Elyce Biddle, from NIOSH's Division of Safety Research, said entering into strategic partnerships with other agencies and organizations could help CSB maximize its investigations.
"Partnering up with other organizations could help in increasing access to safety study design," she said. "Also you can could bring in investigators from other areas and learn from their strategies."
CSB Chairman Carolyn Merritt welcomed the suggestion, noting that although CSB reviews some 20 accidents a year, the agency only is able to conduct six to 10 investigations a year due to limited funding and resources.
Although having a small budget could be a hindrance in getting things accomplished, it also could be a benefit, according to Owen Greulich, chief of NASA's System Safety and Quality Assurance Division. Greulich said it enables CSB to be "nimble" and look at situations from a fresh perspective.

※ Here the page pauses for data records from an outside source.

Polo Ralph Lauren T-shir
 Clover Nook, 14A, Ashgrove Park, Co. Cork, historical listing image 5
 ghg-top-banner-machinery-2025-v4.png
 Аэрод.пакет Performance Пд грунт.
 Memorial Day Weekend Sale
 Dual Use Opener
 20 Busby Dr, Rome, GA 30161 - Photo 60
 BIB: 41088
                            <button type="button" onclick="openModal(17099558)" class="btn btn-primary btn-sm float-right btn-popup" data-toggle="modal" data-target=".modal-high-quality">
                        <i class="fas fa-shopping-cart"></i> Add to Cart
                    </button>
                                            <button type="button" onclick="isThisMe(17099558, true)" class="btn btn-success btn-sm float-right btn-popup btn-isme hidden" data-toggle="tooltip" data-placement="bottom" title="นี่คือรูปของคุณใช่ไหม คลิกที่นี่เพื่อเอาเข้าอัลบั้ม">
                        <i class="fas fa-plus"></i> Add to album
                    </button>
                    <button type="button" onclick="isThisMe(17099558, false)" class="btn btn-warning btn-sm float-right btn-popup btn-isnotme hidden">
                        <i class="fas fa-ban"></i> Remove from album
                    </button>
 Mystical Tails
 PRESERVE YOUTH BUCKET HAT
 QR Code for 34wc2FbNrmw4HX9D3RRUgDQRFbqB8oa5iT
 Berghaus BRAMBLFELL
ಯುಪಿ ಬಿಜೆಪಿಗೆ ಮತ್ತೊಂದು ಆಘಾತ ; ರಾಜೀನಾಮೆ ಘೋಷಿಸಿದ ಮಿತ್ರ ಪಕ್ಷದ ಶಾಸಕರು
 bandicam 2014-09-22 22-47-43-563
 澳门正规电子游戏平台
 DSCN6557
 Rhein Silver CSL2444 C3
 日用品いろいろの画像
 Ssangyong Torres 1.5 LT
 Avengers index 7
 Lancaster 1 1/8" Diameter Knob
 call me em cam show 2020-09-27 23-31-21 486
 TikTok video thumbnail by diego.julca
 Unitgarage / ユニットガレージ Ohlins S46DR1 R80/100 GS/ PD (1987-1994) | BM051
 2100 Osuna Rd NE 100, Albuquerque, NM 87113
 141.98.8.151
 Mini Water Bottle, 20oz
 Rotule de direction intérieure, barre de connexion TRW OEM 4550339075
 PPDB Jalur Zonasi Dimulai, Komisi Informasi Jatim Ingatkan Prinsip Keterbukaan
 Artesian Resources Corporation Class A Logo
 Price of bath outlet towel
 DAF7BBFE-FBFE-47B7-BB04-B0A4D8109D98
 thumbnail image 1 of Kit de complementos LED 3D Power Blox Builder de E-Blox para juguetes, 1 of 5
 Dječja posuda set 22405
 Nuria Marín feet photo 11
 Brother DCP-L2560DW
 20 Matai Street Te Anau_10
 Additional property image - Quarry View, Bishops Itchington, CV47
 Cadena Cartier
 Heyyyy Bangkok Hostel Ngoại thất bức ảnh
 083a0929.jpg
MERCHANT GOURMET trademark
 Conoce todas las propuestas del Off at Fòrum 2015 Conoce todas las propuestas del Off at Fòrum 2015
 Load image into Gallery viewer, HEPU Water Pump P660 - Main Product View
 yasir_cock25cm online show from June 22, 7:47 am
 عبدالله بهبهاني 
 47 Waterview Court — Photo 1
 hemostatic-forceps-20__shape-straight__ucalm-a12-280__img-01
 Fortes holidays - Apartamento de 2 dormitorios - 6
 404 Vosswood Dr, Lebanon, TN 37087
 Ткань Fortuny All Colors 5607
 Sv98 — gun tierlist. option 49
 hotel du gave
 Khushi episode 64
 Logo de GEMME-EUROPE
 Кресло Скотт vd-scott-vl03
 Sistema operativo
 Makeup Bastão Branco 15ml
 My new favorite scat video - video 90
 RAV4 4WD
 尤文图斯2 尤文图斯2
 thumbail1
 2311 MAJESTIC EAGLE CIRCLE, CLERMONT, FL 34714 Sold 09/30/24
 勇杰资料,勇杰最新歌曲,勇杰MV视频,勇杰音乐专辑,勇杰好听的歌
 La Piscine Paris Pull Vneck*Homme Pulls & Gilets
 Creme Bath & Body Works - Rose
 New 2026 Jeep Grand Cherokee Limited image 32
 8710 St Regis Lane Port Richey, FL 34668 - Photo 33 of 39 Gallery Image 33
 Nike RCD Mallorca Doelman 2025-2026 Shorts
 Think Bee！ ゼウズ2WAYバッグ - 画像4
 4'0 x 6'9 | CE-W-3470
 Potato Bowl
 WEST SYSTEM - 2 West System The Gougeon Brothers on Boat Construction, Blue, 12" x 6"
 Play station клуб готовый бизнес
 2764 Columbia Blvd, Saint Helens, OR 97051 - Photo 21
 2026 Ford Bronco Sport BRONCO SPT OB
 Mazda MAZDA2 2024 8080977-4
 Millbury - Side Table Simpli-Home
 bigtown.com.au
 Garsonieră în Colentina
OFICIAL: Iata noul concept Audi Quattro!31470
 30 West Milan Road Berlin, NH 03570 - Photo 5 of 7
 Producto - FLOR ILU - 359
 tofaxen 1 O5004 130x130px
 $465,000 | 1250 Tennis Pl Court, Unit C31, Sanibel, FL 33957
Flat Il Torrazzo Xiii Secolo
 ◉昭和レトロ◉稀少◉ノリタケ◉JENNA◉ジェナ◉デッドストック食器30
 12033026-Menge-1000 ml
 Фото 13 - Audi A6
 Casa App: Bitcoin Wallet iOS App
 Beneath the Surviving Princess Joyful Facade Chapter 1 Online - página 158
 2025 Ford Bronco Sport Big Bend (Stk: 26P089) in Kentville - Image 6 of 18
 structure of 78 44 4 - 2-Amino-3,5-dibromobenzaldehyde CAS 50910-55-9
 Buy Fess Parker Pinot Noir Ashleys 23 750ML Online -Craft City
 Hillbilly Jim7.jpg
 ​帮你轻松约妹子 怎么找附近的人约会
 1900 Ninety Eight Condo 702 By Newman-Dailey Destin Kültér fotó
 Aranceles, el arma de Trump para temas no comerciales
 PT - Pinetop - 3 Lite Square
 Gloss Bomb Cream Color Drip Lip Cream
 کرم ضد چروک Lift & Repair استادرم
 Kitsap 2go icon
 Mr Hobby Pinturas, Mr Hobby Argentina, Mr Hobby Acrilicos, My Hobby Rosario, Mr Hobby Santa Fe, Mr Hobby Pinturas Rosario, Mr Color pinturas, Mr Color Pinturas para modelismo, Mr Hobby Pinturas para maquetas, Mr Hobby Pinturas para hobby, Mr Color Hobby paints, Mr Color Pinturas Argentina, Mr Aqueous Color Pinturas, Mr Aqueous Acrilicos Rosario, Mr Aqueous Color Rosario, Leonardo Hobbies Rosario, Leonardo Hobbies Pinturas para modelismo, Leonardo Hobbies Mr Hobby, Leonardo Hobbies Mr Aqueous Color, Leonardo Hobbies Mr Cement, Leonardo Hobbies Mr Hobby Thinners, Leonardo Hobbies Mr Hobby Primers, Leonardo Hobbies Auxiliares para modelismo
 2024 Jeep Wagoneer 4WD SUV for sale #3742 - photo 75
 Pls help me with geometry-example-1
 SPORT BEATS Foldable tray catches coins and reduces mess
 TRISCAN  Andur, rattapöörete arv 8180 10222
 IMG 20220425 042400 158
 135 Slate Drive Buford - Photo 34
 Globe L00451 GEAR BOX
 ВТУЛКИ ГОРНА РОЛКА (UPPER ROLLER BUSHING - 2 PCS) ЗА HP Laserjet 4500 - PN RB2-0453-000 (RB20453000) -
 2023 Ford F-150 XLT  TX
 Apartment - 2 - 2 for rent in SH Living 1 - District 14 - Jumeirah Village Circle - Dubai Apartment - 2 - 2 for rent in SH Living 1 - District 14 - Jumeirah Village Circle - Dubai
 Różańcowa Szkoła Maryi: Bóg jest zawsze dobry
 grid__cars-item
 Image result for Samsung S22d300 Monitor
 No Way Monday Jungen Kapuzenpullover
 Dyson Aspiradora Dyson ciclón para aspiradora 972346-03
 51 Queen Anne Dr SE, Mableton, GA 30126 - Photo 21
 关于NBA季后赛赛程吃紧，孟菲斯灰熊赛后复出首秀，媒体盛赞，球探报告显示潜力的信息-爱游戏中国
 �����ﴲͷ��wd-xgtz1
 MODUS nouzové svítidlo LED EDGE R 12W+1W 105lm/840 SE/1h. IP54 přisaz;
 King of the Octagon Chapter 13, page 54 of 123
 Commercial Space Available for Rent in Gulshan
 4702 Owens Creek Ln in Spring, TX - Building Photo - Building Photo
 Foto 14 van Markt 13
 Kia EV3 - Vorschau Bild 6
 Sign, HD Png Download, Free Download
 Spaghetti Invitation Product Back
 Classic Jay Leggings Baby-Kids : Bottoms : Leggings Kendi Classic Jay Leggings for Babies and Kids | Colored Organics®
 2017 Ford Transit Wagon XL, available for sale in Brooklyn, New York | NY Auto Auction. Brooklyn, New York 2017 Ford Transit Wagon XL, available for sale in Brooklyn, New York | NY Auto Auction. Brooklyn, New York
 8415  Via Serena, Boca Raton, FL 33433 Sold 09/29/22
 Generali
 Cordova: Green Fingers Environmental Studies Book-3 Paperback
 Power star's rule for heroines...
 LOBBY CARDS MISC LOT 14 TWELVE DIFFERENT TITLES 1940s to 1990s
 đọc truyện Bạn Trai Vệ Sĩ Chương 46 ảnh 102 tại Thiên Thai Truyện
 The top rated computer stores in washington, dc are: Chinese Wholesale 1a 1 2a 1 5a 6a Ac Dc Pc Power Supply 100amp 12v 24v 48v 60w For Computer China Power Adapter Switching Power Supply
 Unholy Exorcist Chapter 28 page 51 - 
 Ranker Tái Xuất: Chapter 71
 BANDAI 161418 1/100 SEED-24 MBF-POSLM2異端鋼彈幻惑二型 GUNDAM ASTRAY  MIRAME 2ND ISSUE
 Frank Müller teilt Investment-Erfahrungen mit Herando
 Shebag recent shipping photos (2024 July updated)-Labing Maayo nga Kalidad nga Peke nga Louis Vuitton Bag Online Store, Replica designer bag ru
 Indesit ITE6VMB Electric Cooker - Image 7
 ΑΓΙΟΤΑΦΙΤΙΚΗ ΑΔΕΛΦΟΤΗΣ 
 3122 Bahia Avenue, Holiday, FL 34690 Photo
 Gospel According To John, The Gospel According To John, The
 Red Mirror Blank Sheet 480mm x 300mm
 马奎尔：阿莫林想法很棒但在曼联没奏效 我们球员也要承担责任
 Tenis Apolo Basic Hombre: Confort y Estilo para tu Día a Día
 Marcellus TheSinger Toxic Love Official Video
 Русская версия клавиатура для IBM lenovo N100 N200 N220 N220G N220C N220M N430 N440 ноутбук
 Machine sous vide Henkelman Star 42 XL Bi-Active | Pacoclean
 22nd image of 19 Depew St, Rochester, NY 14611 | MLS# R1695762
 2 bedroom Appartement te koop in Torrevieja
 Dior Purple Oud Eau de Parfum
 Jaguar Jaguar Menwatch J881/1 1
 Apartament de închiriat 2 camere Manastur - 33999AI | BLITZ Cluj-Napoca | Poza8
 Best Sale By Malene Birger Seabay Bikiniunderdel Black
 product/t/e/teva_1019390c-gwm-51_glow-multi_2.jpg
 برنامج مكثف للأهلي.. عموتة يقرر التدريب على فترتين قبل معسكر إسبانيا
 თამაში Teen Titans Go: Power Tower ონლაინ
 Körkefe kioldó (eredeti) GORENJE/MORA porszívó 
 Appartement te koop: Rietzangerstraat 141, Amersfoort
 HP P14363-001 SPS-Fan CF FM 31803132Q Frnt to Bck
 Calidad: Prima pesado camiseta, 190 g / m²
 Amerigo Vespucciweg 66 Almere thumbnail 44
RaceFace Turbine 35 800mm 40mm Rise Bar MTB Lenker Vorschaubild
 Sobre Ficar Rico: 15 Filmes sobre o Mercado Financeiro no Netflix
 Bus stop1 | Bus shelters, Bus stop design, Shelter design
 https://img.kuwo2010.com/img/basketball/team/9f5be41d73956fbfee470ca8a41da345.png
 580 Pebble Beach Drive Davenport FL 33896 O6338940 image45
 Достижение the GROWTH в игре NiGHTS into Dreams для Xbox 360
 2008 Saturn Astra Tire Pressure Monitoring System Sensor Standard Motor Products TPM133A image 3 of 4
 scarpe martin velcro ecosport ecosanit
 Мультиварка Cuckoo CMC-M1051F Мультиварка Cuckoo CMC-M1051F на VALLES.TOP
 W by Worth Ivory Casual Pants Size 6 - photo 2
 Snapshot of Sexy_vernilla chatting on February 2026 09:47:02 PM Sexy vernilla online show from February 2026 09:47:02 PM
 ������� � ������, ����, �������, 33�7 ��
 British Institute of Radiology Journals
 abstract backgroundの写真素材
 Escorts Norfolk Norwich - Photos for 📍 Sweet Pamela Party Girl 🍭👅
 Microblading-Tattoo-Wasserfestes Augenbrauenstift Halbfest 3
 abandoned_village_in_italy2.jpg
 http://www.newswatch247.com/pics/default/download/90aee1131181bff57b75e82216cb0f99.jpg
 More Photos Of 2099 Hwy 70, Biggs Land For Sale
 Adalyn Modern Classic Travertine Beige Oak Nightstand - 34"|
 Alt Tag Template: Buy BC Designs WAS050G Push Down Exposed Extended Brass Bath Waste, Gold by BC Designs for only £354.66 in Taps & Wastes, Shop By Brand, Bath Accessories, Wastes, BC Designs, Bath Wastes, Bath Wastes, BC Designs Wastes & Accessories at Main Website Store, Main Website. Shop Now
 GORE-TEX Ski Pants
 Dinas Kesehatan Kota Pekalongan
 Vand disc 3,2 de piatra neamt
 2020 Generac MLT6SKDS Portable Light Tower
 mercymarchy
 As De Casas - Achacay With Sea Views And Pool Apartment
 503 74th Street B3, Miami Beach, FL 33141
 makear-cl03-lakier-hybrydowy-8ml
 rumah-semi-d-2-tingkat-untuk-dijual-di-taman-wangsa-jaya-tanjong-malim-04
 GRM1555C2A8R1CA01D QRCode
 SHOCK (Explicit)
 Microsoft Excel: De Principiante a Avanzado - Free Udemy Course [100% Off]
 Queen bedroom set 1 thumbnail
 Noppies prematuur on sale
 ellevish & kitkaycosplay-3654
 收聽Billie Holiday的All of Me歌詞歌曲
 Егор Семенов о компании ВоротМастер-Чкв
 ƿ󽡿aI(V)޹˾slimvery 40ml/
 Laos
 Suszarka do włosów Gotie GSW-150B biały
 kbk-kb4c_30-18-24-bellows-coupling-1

Draft Plan Calls for More Safety Studies, Outreach
The strategic draft plan emphasizes conducting safety studies that include significant safety recommendations. The agency also plans to focus on broadly disseminating report findings, lessons learned and recommendations through agency outreach efforts.
Associations and organizations not present at the forum submitted written comments, with some - such as the American Society of Safety Engineers - raising concern about appropriate staffing levels and urging CSB to pursue voluntary safety and health professional certification.
According to a CSB spokesperson, the board currently is in the process of reviewing all written comments, which were due Sept. 28. Once the reviews have been made, CSB will choose a date to publish the final draft of the strategic plan.
Meanwhile, Merritt said CSB will "continue to explore means to report and distribute the lessons learned from our investigations in ways that fill the needs of the public and promote prevention of similar accidents elsewhere."
In the coming years, CSB "will continue to review our body of work and use the findings to focus our prevention efforts in outreach and education," she added.